Ao menos o que as reportagens afirmam, mesmo omitindo a data real da publicação do estudo, é verdadeiro: os pesquisadores usaram uma técnica de datação envolvendo raios-X e concluíram que o pano tem cerca de 2 mil anos. Mas esse estudo tem limitações sérias, segundo o próprio Centro Internacional de Estudos do Sudário, que manifestou suas objeções em um comunicado breve, que o Tubo de Ensaio publicou em primeira mão em maio de 2022. Em resumo, o Ciss alega que o problema não é a técnica, chamada WAXS, mas o objeto: o Sudário passou por tanta manipulação e contaminação – foi tocado, beijado, exposto em ambientes com velas, pegou fogo, foi encharcado e remendado – que a essa altura ele se tornou praticamente imprestável para qualquer técnica de datação, independentemente do resultado que dê.
Pesquisa afirma que pano é da época de Cristo, mas sindonologistas dizem que vários eventos da história do Sudário tornaram-no um objeto nada confiável para datações
Eu realmente acredito que o Sudário de Turim é aquele mesmíssimo pano que envolveu o corpo de Cristo – e a palavra certa é “acredito”, pois não me parece que a ciência possa emitir conclusões sobre esse fato. No máximo, os cientistas poderão nos descrever o pano nos seus mínimos detalhes, analisar as manchas, atestar que não se sabe como a imagem foi formada ou, se houver uma explicação, dizer se o processo que gerou a imagem ocorre naturalmente ou se precisa ser provocado de alguma outra forma. E poderão até trabalhar com estatísticas, como fizeram Bruno Barberis e Massino Boccaletti, para quem as chances de o Homem do Sudário não ser Jesus Cristo, dado tudo o que se sabe sobre o pano, são ínfimas, perto de zero. Mas dizer que “a ciência comprova que o Sudário é o tecido usado no sepultamento de Cristo”, isso não vai rolar.
Imagens feitas com inteligência artificial, sim, são novas
A maioria das publicações em mídias sociais que mencionam o tal “novo estudo” também traz uma imagem feita por inteligência artificial a partir das características do Sudário. Isso, sim, é novidade. E não existe apenas uma, mas duas imagens. A que está circulando por aí foi feita pelo jornal britânico Express com o Midjourney (a mesma ferramenta usada em algumas ilustrações do Tubo de Ensaio, aliás); a outra foi produzida por outro software, chamado Merlin, a pedido do Daily Mail. Comparando ambas, é facilmente compreensível que a do Express seja a mais divulgada, porque é muito mais “natural” que a do Mail.
VEJA TAMBÉM:
Nada contra essas tentativas, que aliás apenas trazem a inteligência artificial para um jogo que já vem sendo jogado há muito mais tempo, o das “reconstruções da face de Jesus”. Mas confesso que, de todas as imagens de Cristo relacionadas de alguma forma ao Sudário, a que mais me move ainda é a mais direta de todas: a fotografia feita por Secondo Pia em 1898.

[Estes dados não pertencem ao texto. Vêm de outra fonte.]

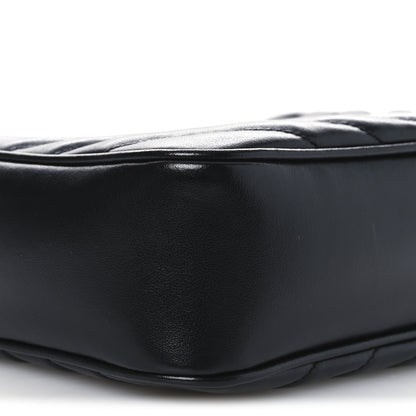 Saint Laurent Calfskin Matelasse Monogram Lou Camera Bag Black 9 of 10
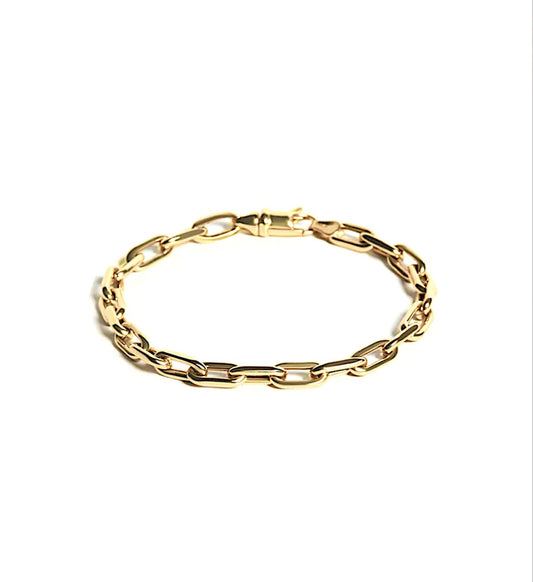 14K Oval Link bracelet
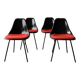 Set 4 mid century 1960’s chairs by Maurice Burke for Arkana
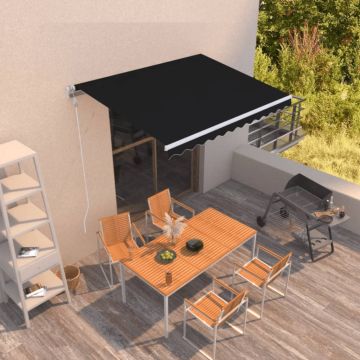 Tenda da Sole Retrattile Automatica 350x250 cm Antracite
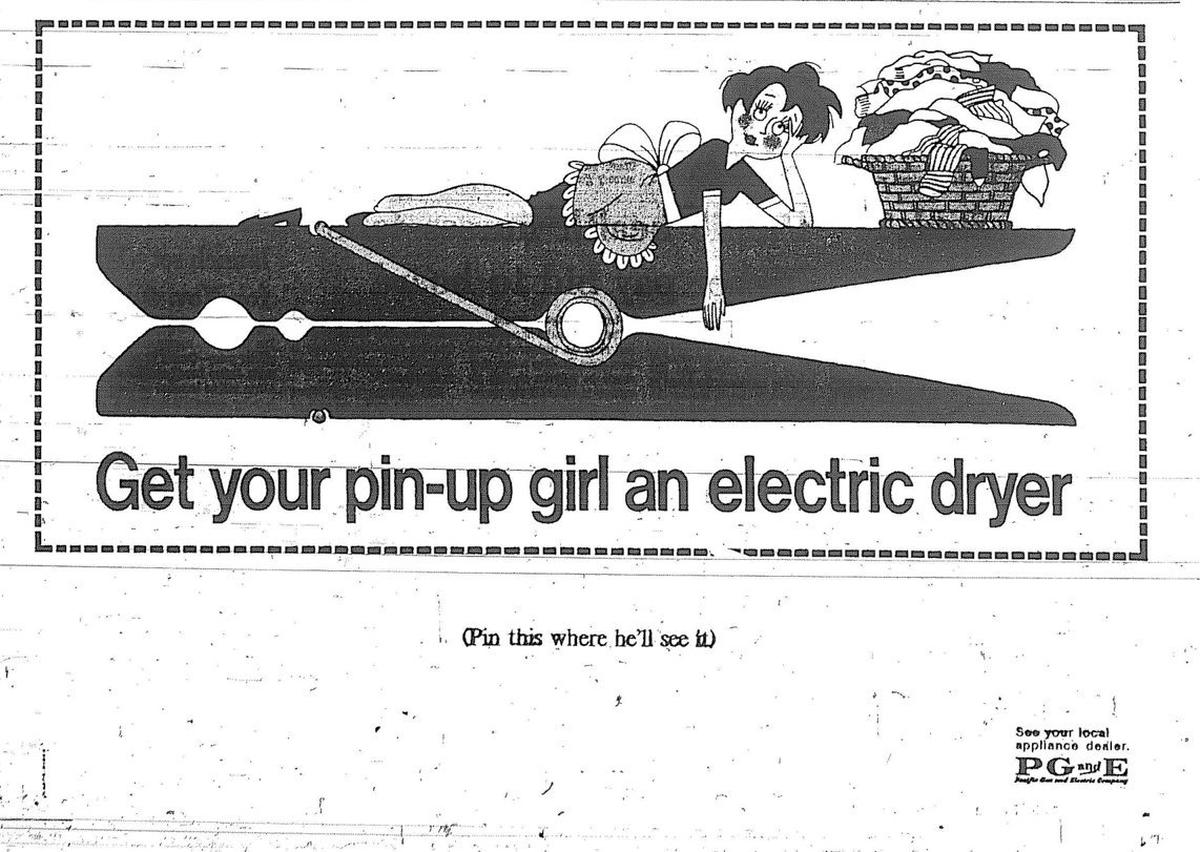 In October 1966, PG&E and Southern California Gas Co. were in an advertising war. The PG&E ad takes a more more sexist approach.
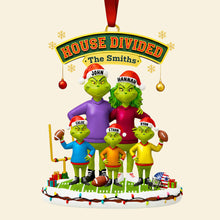 Load image into Gallery viewer, House Divided Family Christmas Ornament - Personalized Gift for Football Fans Ornament PopCulturePrints
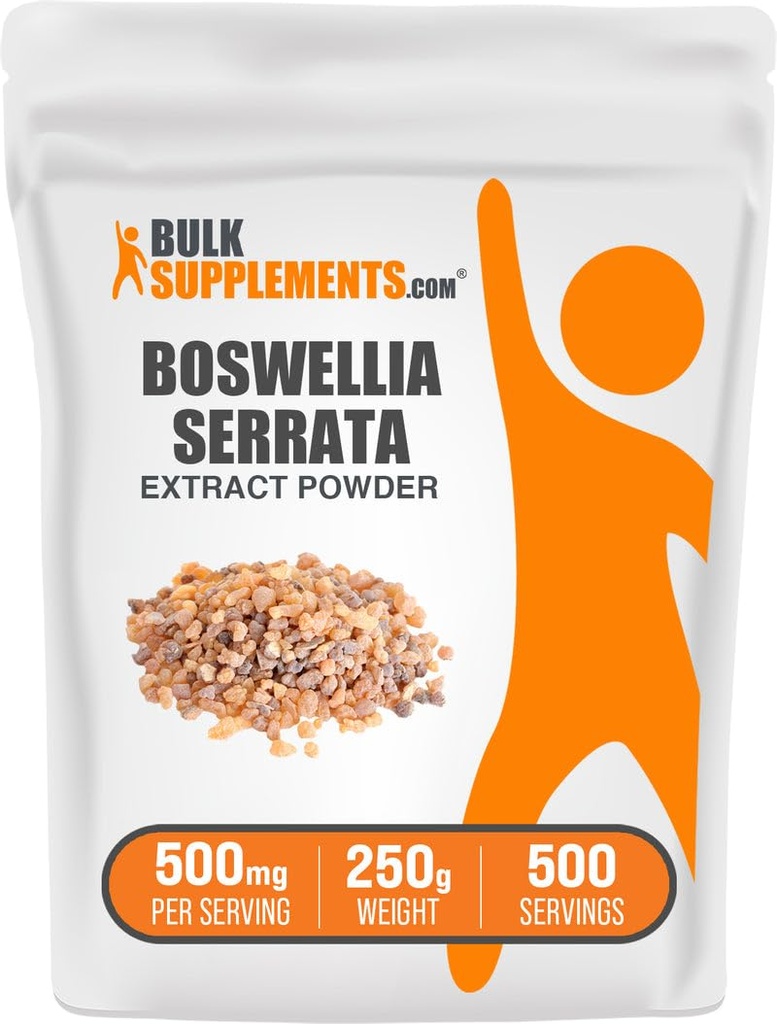 BulkSupplements.com Boswellia Serrata Extract Toz - Boswellia Supplement, Frankincensewear - Vegan & Gluten Free, 500 mg per Service, 250g (8.8 oz) (Pack of 1)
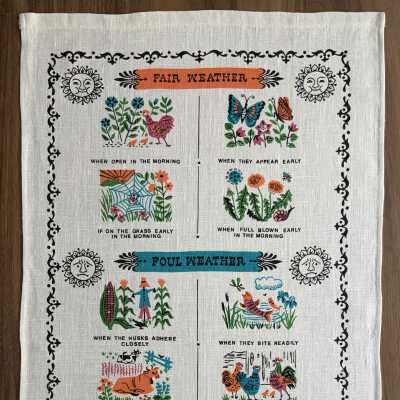 Towel, Wallhanging: Weather Signs 268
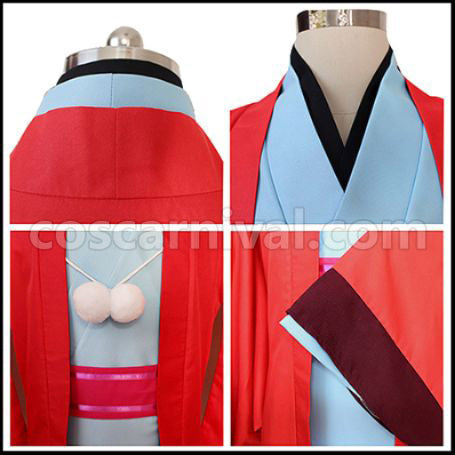 The Morose Mononokean Haruitsuki Abeno Cosplay Costume coscarnival - Detail Close-up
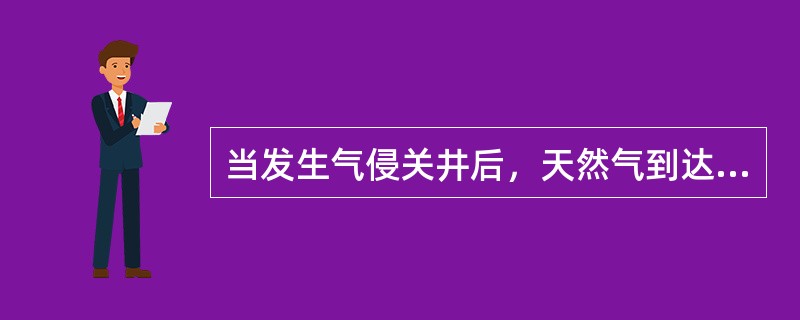 当发生气侵关井后，天然气到达井口时，作用于井底压力达到（）。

Um estudo realmente novo de que poucos estão falando
Se é difícil entender por que o Daily Mail resolveu pegar um estudo de 2022 e descrevê-lo como “novo”, ao menos um mérito se há de conceder ao jornal britânico, que provavelmente foi o primeiro grande veículo de imprensa a divulgar uma outra pesquisa, esta sim bem recente: o artigo de Giulio Fanti no Archives of Hematology Case Reports and Reviews analisando as manchas de sangue no Sudário e concluindo que elas são consistentes com as torturas sofridas por Jesus. Quanto a esta pesquisa, ainda vou lê-la com calma – já surgiram algumas contestações – e buscar a análise dos especialistas do Ciss.